# Work instruction:
Since the records include pictures, leave those out while you reproduce exactly and only the lines from the one containing "47 Mckinley Ave, Farmingdale, NY" through the one containing "Sebuah insiden dramatis", inclusive.

# Records for this task:
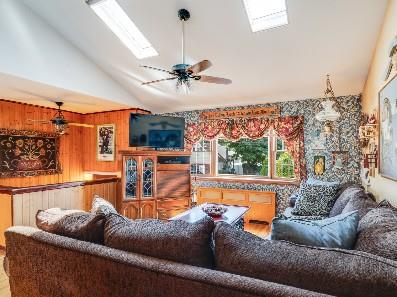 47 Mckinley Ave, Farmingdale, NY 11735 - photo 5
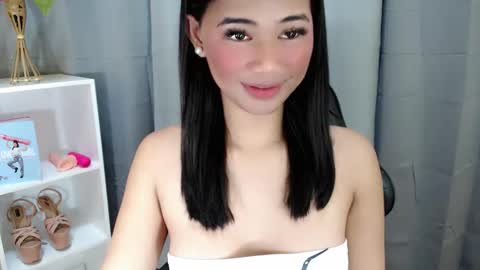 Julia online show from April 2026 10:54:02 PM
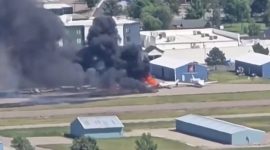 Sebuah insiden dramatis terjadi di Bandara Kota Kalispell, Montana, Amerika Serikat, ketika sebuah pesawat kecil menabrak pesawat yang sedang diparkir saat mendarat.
...
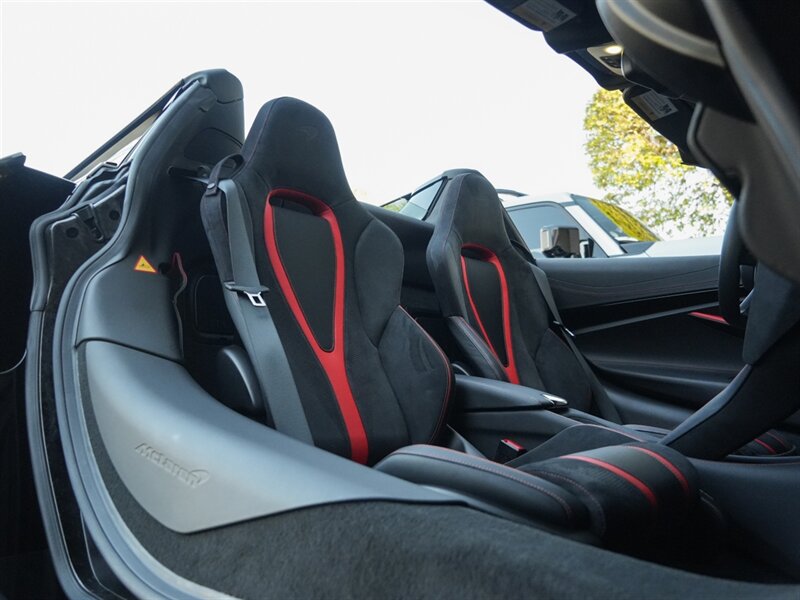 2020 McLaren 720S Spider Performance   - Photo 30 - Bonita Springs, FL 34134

# Task result:
 47 Mckinley Ave, Farmingdale, NY 11735 - photo 5
 Julia online show from April 2026 10:54:02 PM
 Sebuah insiden dramatis terjadi di Bandara Kota Kalispell, Montana, Amerika Serikat, ketika sebuah pesawat kecil menabrak pesawat yang sedang diparkir saat mendarat.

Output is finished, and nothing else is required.